Case Name: B. R. Realty Corporation vs. Phenix Nat'l Bank et al.
Court: Rhode Island Superior Court
Jurisdiction: Rhode Island
Decision Date: 1927-06-11
Citations: 3 R.I. Dec. 170
Docket Number: Eq.No.7662
Parties: B. R. Realty Corporation vs. Phenix Nat'l Bank et al.
Judges: 
Reporter: Rhode Island Decisions
Volume: 3
Pages: 170–173

Head Matter:
B. R. Realty Corporation vs.

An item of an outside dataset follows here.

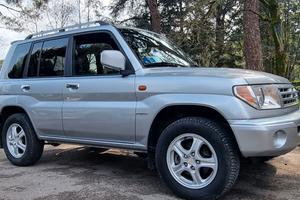 Mitsubishi Pajero Pinin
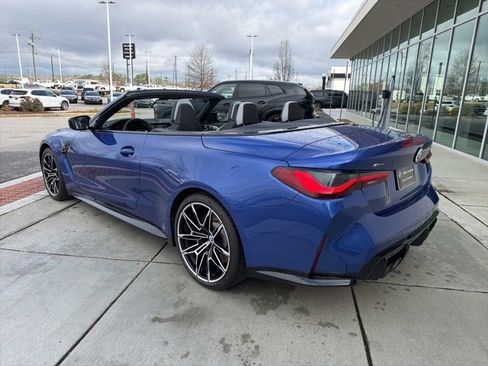 Used 2023 BMW M4 xDrive Competition w/ Executive Package image 4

Phenix Nat'l Bank et al.
Eq.No.7662
June 11, 1927

Opinion:
RESCRIPT
BAKER, J.
Final hearing.
This bill is brought by the owner of the fee of certain property in Providence primarily to remove clouds on the title of said property and for other relief in c onnection therewith.
Of the many respondents named, decrees pro confesso have been taken against all but five, namely: H. L. Graham & Son, Inc., Allenson & Reynolds, James H. Tower Iron Works, Fred L. Pearce and H. R. Horton Co., whose rights in the matter are now before the Court.
The clouds on the title, as set out in the bill, relate to notices of intention to claim liens against the interests of one Radding, the Edward Rad-ding Construction Company, and the Radwood Realty Corporation, in a portion of the property held by the complainant in fee.
Notices of intention to claim liens were also filed against the complainant company as owner of the property, but this matter is not involved in the present bill, which relates only, to the liens claimed against the interests of Radding and those claiming by, through or under him ,in the property in question.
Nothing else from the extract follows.